Featuring a single, monolithic screen with the video projected onto its center, the exhibition commenced with a disorienting, pitch-black corridor illuminated by a sparse row of minute lightbulbs on the ground. Such immersive darkness was hardly unprecedented or inventive, but it was a remarkably well-executed formal device that served as an apt prelude to Kim’s submarine forays. The video introduces sensory-deprivation tanks—pod-shaped structures that are impervious to external stimuli and filled with body-temperature saltwater that allows the supine user inside to float effortlessly—as sites where multiple registers of sensory confusion are possible. In his characteristically juvenile voice, Kim reads from a Spanish text outlining the effects of these tanks on the human body: Blinking extremely slowly within the tank can induce a disjunction between the sense of sight and movements of the eye. A diver deep in the ocean might have a similar experience should her lights start to malfunction.
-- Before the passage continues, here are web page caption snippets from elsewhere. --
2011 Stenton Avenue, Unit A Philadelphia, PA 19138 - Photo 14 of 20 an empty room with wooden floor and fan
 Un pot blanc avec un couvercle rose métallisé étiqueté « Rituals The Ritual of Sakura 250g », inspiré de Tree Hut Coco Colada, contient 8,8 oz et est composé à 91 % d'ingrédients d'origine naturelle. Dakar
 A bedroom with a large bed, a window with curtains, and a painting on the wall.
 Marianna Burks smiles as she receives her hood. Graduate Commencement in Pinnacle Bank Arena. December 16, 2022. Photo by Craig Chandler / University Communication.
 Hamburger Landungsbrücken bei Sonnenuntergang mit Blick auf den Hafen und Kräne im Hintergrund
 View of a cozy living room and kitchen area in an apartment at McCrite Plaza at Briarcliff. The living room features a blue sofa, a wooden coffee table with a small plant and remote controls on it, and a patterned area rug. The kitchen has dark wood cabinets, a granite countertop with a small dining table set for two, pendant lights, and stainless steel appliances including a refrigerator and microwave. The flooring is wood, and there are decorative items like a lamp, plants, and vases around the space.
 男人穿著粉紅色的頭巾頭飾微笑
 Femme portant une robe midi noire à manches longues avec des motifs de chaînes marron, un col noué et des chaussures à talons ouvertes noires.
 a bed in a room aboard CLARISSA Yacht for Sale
And yet such sensory entanglements are not merely hypothetical. The narrator’s initial monologue is followed by his own account of searching for the remains of a colleague who went missing in the ocean. During a simulated underwater training scenario constructed from the day she disappeared, Kim experiences acute physical trauma as his body presumes that the situation is real. In another sequence, Kim confesses to a friend that portions of the training session that he cannot recall feel as if they are his actual experienced past. Interspersed throughout the video are a series of digitally feminized, pixelated video selfies of the artist standing in a bathroom and roaming around parks, further complicating the already porous boundaries between the real and the virtual. Jumbled perception deep in the tanks therefore extends into a metaphor for the human experience in the age of manipulable reality.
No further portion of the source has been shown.